Trust non è soltanto la storia di un uomo oscenamente ricco.
Il tempo ha l’effetto di oscurare alcune verità scomode e di abbellirne altre.
Diagnosi di cancro nella vita reale possono diventare una malattia psichiatrica funzionale alla propria biografia così da rendere la storia più avvincente.
Decenni dopo la morte di Andrew, Ida torna nella sua villa, ora un museo, non tanto per accertare come ha manipolato il mercato azionario durante il crollo, ma per conoscere meglio la moglie Mildred perché dai racconti del marito non ha ancora capito chi fosse veramente.
Intravede la storia di classe, di capitalismo e avidità, ha approfondito il rapporto di Andrew con il denaro, il potere, ma non ha ancora compreso appieno le relazioni coniugali e filiali, il ruolo giocato dalla fiducia e quello del tradimento nelle vicende umane di questa ricchissima famiglia americana.

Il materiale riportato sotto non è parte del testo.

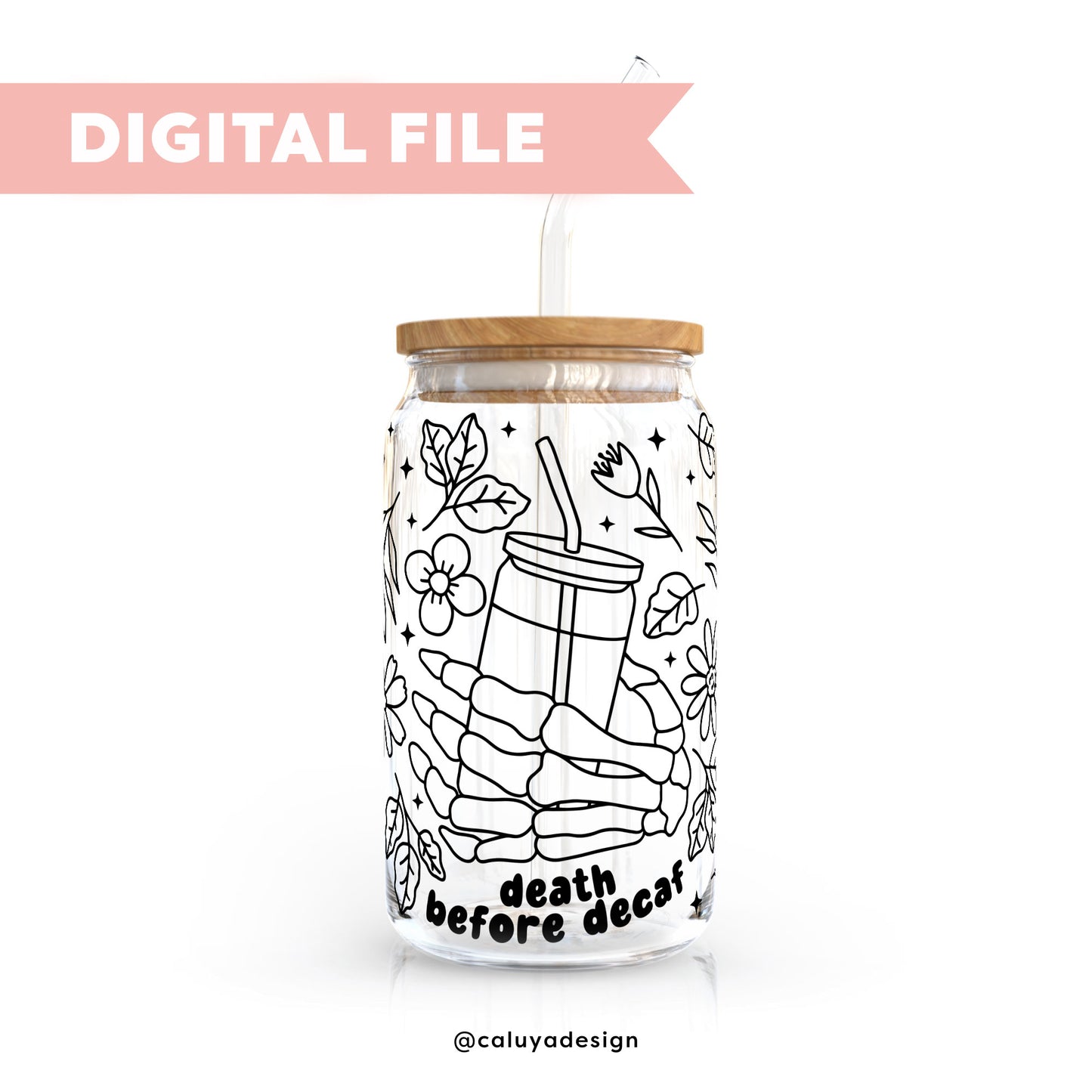 16oz Libbey Can Cup Wrap SVG | Death Before Decaf SVG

Attribuisce il successo finanziario al “ruggente ottimismo dei tempi” facendo sua l’affermazione trionfale che in quegli anni “il futuro apparteneva all’America“.
Durante la sua prima visita alla sede centrale della Bevel Investments, Ida nota che l’enorme edificio blocca il sole nelle strade adiacenti.

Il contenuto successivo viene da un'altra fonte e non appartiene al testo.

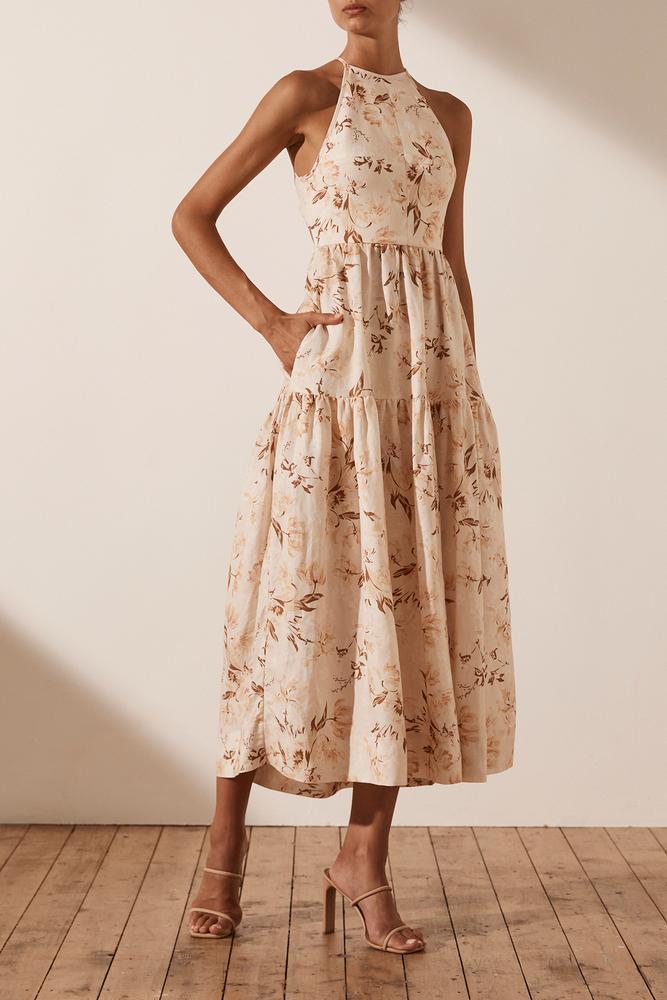 Shona Joy Roxanne Linen Open Back Tiered Dress Print Size 10 for rent on The Volte - main image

Percepisce che Mildred pulsava di una “libertà ed energia incredibile” quando si rese conto che la sua malattia era terminale.
Si parla dell’oggi ma in fondo anche dell’aldilà.
La trama diventa fin troppo familiare e prevedibile anche se il lettore confida che dietro ad ogni pagina Hernan Diaz possa avere un asso nella manica, un colpo di scena.
Anni dopo i giorni dedicati alla scrittura, Ida rileva che la sua unica copia della biografia manca di molte pagine, giusto una raccolta rilegata di tre o quattro libretti, uno scritto fragile che non può certo diventare un libro.
Dunque, quando un’opera narrativa mi ricorda ad ogni pagina che è un’opera di finzione semplicemente a me non piace.
Gusti personali, per l’Amor di Dio!
Quella parola “trust-fiducia” del titolo è quasi un suggerimento per il lettore che indica esattamente ciò che non troverà all’interno delle pagine.
La sezione iniziale è immaginata come un romanzo nel romanzo, intitolato Bonds, un best-seller del 1937 sull’ascesa di un magnate di Wall Street di nome Benjamin Rask.
La vita di Andrew Bevel è la fonte di quel romanzo best-seller ed il magnate è così infuriato che ha deciso di far ritirare tutte le copie dal sistema bibliotecario pubblico di New York.
Trust come detto è un gioco di parole: il titolo si riferisce non solo ai trust finanziari ma anche alla fiducia che riponiamo l’uno nell’altro, ed in fondo al contratto tra lettore e autore.
Nella seconda parte, Bevel parla da solo, irritato dalla pubblicazione di Bonds dopo la morte della sua amata Mildred e determinato a mettere le cose in chiaro.
La terza sezione del romanzo è raccontata da Ida: ha mantenuto i segreti del suo lavoro nel corso dei decenni ma nel 1980, scopre che i documenti personali di Andrew e Mildred sono stati archiviati nella loro ex villa nell’Upper East Side, ora un museo e la curiosità ha la meglio su di lei.
Trust è un romanzo su imperi finanziari e fallimenti, mariti e mogli, fortune sbalorditive ed indicibile miseria.
Racconta una parabola ampia, scandagliando sesso e potere, causalità e complicità.
Che la storia di Trust si svolga un po’ come una delle storie labirintiche di Jorge Luis Borges non è casualità.
Originariamente addestrato come accademico, Hernan Diaz ha scritto il suo primo libro sugli enigmi narrativi di Borges.
Ha anche sperimentato se stesso con il genere: il suo romanzo d’esordio, In the Distance che è stato finalista per un Pulitzer, è stato ambientato durante la corsa all’oro della California e ha giocato con i tropi stilistici del western.
Trust alla fine si rifiuta di chiarire esattamente quale sia la vera versione della sua storia, lasciando il lettore a speculare su ciò che è reale e ciò che è falso.